### The task
Among the lines of data below, reproduce only those from the one with "St Andrews Hall alkotó: English School" through the one with "Bloco Desenho A4", exactly as they stand, both ends included.

*** Opening of Entries supplied ***

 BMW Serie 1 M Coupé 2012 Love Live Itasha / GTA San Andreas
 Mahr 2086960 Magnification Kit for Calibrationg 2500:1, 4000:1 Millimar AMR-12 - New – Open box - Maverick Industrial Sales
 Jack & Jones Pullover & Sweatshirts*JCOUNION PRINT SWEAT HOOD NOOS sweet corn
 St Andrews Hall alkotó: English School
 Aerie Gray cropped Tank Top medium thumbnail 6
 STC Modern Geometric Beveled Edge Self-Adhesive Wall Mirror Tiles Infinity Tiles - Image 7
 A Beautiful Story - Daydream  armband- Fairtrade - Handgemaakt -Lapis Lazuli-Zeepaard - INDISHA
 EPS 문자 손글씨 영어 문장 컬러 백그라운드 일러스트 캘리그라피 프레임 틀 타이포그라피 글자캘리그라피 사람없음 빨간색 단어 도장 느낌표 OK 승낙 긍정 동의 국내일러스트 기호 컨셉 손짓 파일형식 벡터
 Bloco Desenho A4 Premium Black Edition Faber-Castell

*** Close of Entries supplied ***
*** Opening of Entries supplied ***

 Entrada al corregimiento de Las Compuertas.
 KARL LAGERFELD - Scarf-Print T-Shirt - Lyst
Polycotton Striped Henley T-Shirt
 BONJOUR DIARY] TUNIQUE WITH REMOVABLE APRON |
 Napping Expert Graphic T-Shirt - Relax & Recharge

*** Close of Entries supplied ***
*** Opening of Entries supplied ***

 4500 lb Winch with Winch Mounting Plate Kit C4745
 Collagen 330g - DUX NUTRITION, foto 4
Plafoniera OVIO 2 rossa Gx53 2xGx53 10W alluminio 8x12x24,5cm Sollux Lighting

*** Close of Entries supplied ***

### The completed task
 St Andrews Hall alkotó: English School
 Aerie Gray cropped Tank Top medium thumbnail 6
 STC Modern Geometric Beveled Edge Self-Adhesive Wall Mirror Tiles Infinity Tiles - Image 7
 A Beautiful Story - Daydream  armband- Fairtrade - Handgemaakt -Lapis Lazuli-Zeepaard - INDISHA
 EPS 문자 손글씨 영어 문장 컬러 백그라운드 일러스트 캘리그라피 프레임 틀 타이포그라피 글자캘리그라피 사람없음 빨간색 단어 도장 느낌표 OK 승낙 긍정 동의 국내일러스트 기호 컨셉 손짓 파일형식 벡터
 Bloco Desenho A4 Premium Black Edition Faber-Castell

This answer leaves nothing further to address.